Task prompt =
Each line from the first line of the entries through the line holding "Antique Delft Vases" is to be restated word for word; nothing else, and no picture, belongs in the answer.

Records for this task Start Marker

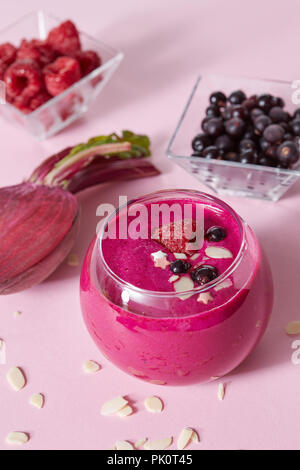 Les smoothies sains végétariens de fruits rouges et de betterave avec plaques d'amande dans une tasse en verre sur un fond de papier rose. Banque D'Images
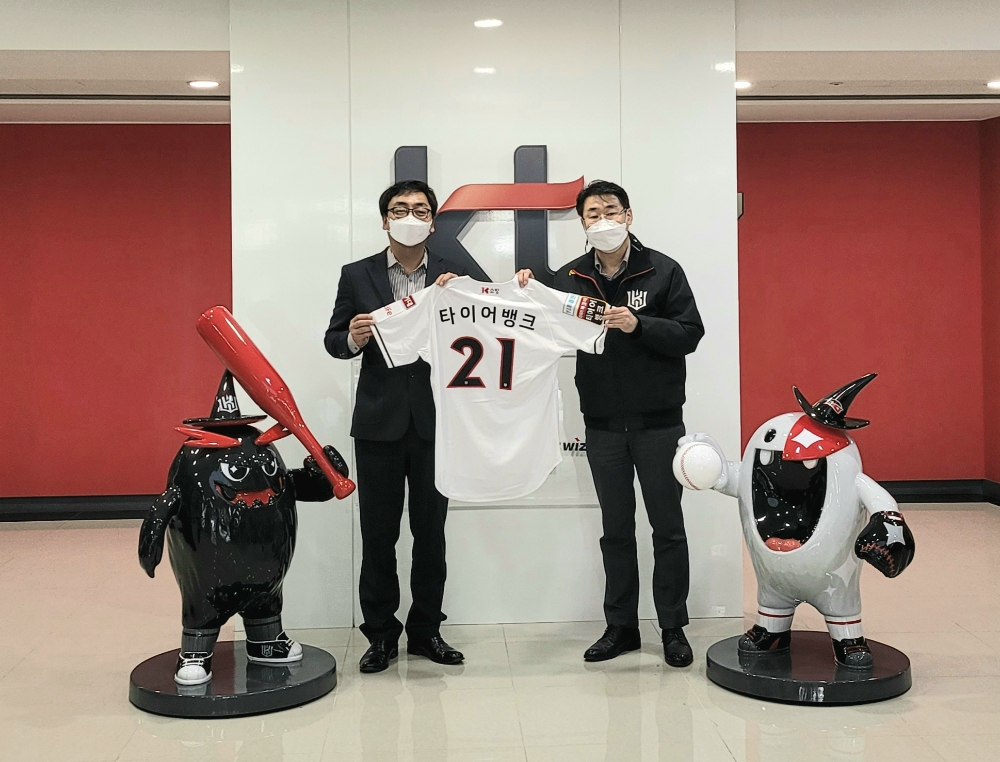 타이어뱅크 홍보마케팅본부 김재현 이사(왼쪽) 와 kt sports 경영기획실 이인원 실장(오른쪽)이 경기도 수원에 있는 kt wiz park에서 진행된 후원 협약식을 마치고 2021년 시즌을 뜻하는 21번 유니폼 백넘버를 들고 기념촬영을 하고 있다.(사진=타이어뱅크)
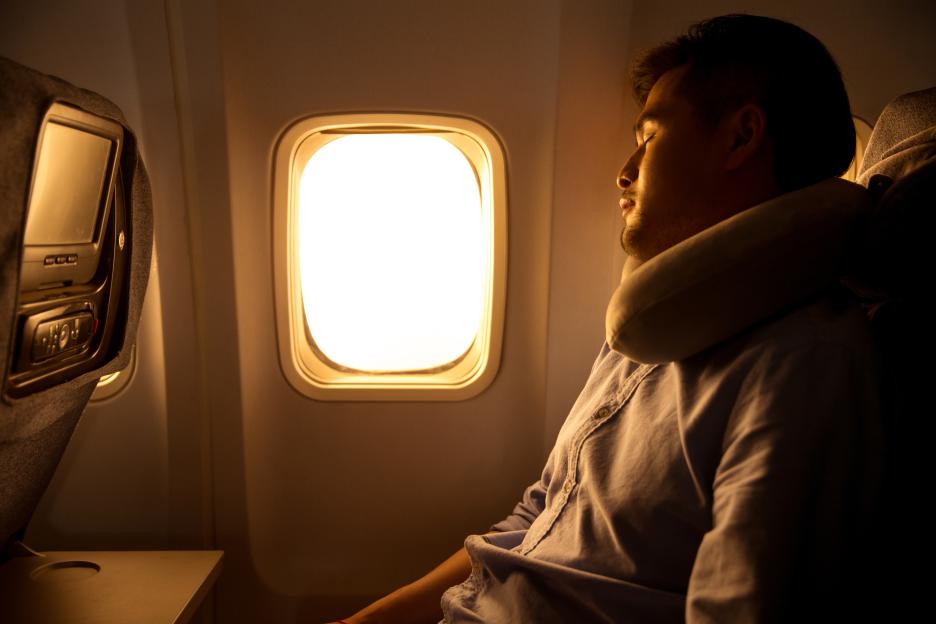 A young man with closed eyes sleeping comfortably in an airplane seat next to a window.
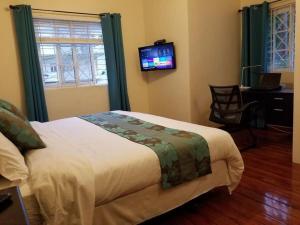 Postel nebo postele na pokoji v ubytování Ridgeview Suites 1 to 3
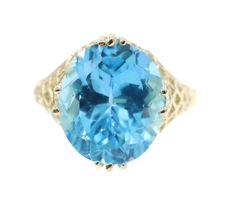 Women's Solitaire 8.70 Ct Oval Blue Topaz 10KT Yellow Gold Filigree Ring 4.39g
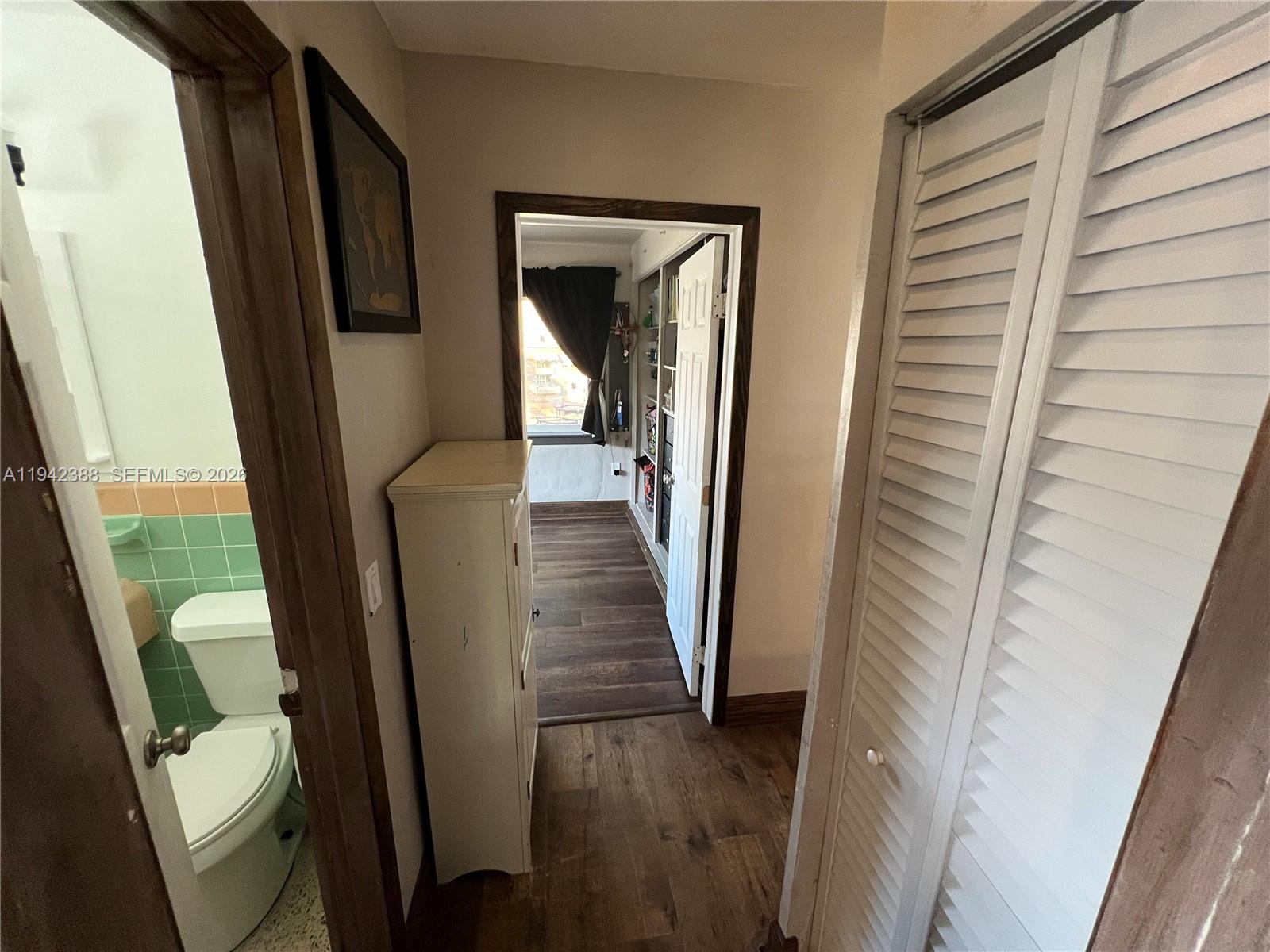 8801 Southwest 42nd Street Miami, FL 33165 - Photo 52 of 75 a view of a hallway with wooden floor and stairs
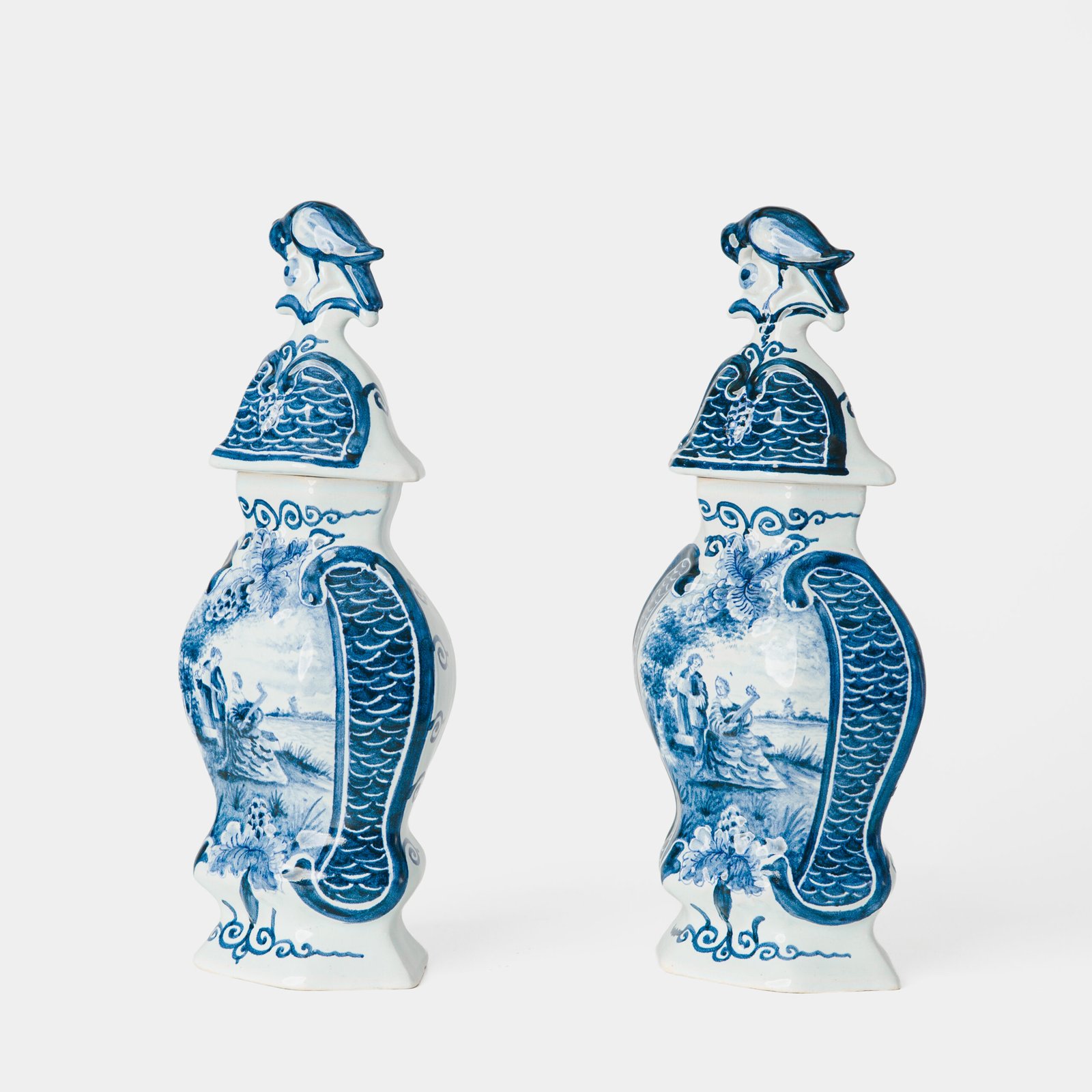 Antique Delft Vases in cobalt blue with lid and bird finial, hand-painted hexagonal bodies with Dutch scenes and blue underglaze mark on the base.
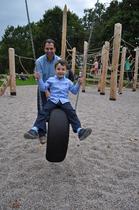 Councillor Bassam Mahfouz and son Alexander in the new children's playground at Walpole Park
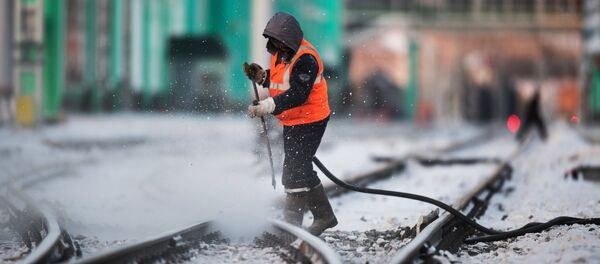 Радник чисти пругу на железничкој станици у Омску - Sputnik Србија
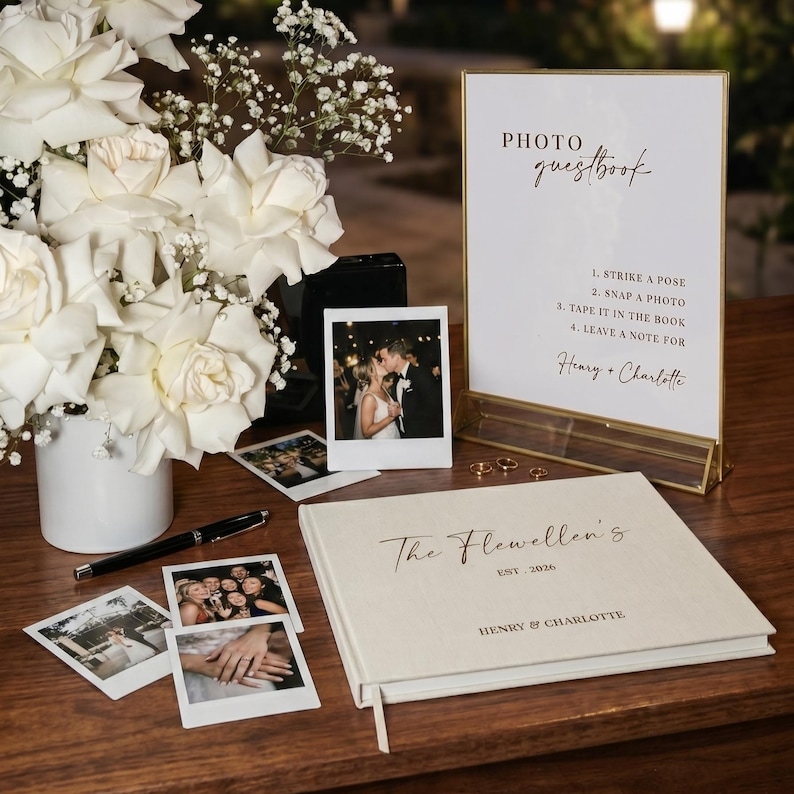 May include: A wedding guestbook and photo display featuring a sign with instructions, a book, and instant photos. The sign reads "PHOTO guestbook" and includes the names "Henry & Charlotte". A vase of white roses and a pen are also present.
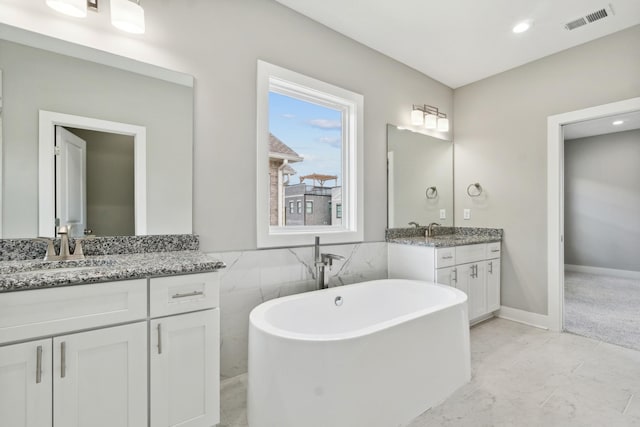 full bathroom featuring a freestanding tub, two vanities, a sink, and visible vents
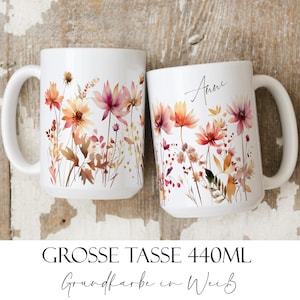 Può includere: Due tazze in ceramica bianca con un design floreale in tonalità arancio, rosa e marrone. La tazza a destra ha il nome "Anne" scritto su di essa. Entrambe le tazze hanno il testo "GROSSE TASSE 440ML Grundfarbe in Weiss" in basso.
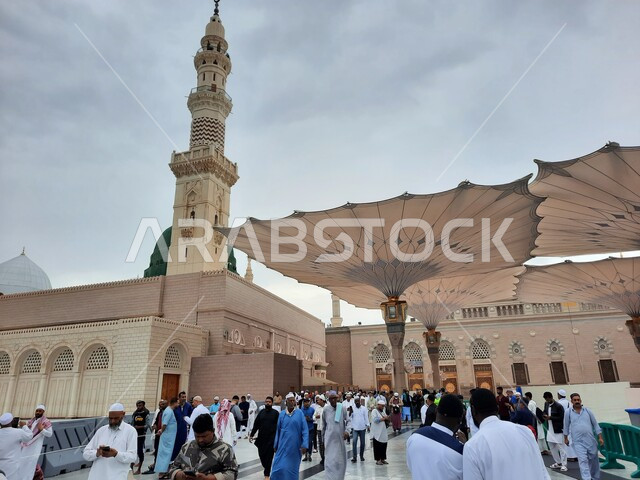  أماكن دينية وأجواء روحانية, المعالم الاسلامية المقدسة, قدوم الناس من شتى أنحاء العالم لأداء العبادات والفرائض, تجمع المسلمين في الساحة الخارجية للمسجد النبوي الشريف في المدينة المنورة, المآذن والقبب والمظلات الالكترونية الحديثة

Records for this task End Marker

Finished task =
 Les smoothies sains végétariens de fruits rouges et de betterave avec plaques d'amande dans une tasse en verre sur un fond de papier rose. Banque D'Images
 타이어뱅크 홍보마케팅본부 김재현 이사(왼쪽) 와 kt sports 경영기획실 이인원 실장(오른쪽)이 경기도 수원에 있는 kt wiz park에서 진행된 후원 협약식을 마치고 2021년 시즌을 뜻하는 21번 유니폼 백넘버를 들고 기념촬영을 하고 있다.(사진=타이어뱅크)
 A young man with closed eyes sleeping comfortably in an airplane seat next to a window.
 Postel nebo postele na pokoji v ubytování Ridgeview Suites 1 to 3
 Women's Solitaire 8.70 Ct Oval Blue Topaz 10KT Yellow Gold Filigree Ring 4.39g
 8801 Southwest 42nd Street Miami, FL 33165 - Photo 52 of 75 a view of a hallway with wooden floor and stairs
 Antique Delft Vases in cobalt blue with lid and bird finial, hand-painted hexagonal bodies with Dutch scenes and blue underglaze mark on the base.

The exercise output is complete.